= Shakes (Tlingit leaders) =

Shakes or Chief Shakes is a distinguished Tlingit leadership title passed down through generations among groups of native people from Northwestern North America.

A construction called the Chief Shakes Tribal House is a registered site per the Federal US National Park Service (NPS) which regularly features on websites advertising tourist experiences in the relevant region of Alaska. Purportedly the modern construction is a reconstruction established in 1940 of an earlier structure made by the Tlingit Indigenous Americans themselves and seated members of the royal line.

==Lineages of the Shakes==

===Origin===
The orphan Gush X’een (translation: Dorsal Fin Screen, English: Gushklin) lived at Ch’aal’in. He was a Teikweidí named Joonák’w. The leader of the Naanya.aayí, Suncock, took a liking to the orphaned boy and raised him as a nephew. Upon the death of Suncock, he became the leader of the clan.

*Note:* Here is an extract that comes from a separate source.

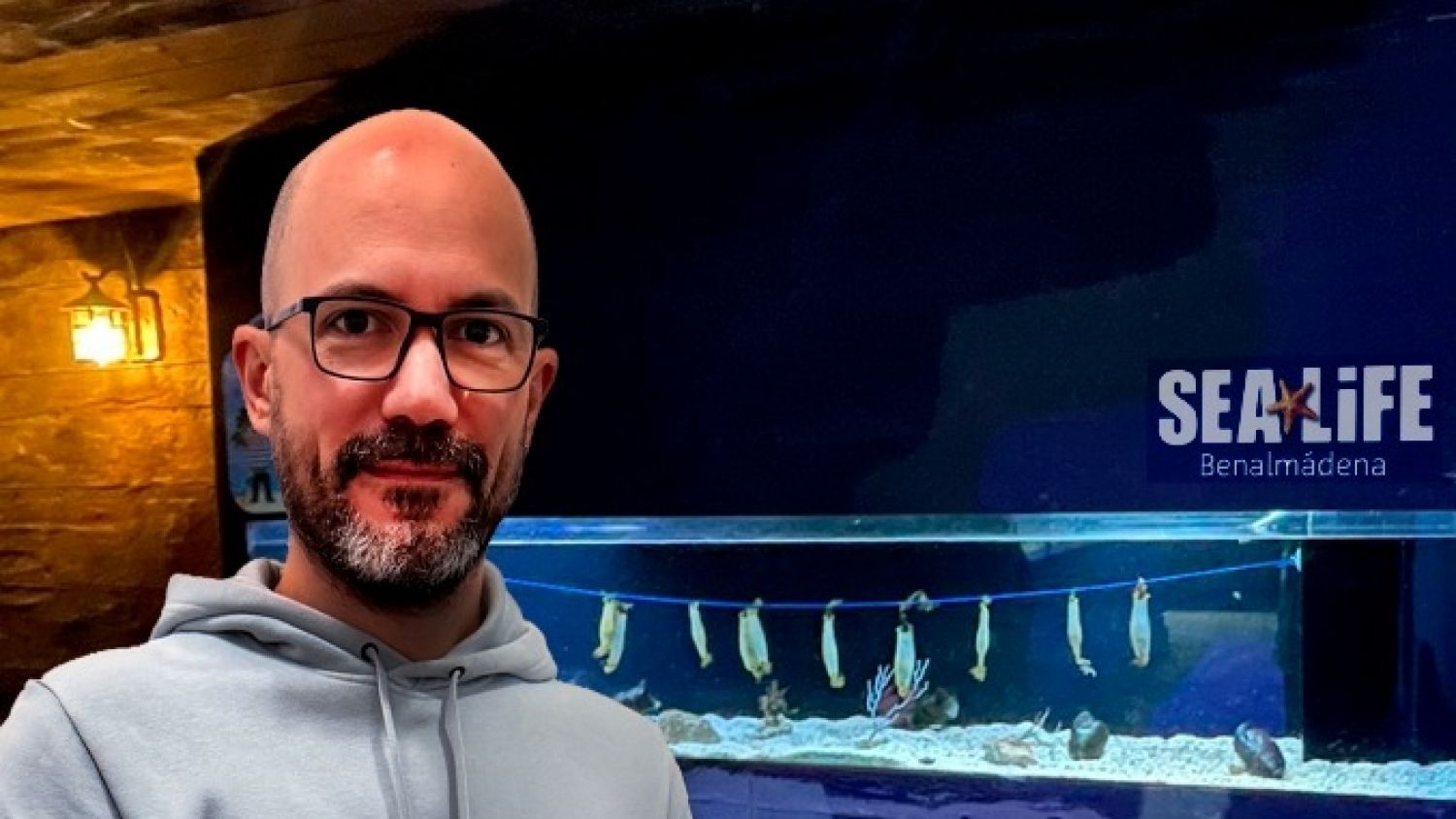 Sea Life Benalmádena y la UMA firman un acuerdo para investigar el origen de enfermedades sanguíneas a través de embriones de tiburón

The Stikine area was being invaded by the Naaskwaan (literally the Nass River People, i.e. the Nisga'a but here including the Tsimshian). The leaders of the invaders were Wiisheyksh (Wii Seeks), Yaxweiyxsh and Xagáksh.

Wiisheiyksh asked for access to the Stikine so that they might fish. Gush X’een refused and Wiisheyksh threatened to take the land by force if they were not allowed access. Upon leaving they took the burial pole of the Naanya.áayi leader, Shaadeistí, who had died not long before.

The Naanya.aayi prepared for war. Their íxt’ (shaman) told them when the Nisga'a were approaching. The Naanya.aayí moved to the mouth of the Stikine. Gush X’een ordered some of his men to stand at the base of the cliffs near the mouth of the river. The rest of the clan and those fighting with them retreated by the islands at the mouth of the river.

More than 100 Northwest Coast canoes full of Nisga'a warriors approached the Naanya.aayí at the mouth of the river. Wiisheyksh, wearing emblems of the killer whale and a headdress with the killer whale emblem disembarked and approached Gush X’een.

He remarked on how foolish Gush X’een was to position himself at a point of no-retreat implying that he was trapped. He told Gush X’een, “Today you will carry my water for me.” indicating that he intended Gush X’een to be his slave. Gush X’een signaled his men and hundreds of canoes came out from the surrounding islands and Gush X’een responded to Wiisheyksh, “Today, it is you who will be carrying my water for me.”

The battle started. The Naanya.áayi killed 150 Nishga. Wiisheyksh knew he could not win that battle and did not want to be the slave of Gush X’een so he gave the killer whale headdress to Gush X’een.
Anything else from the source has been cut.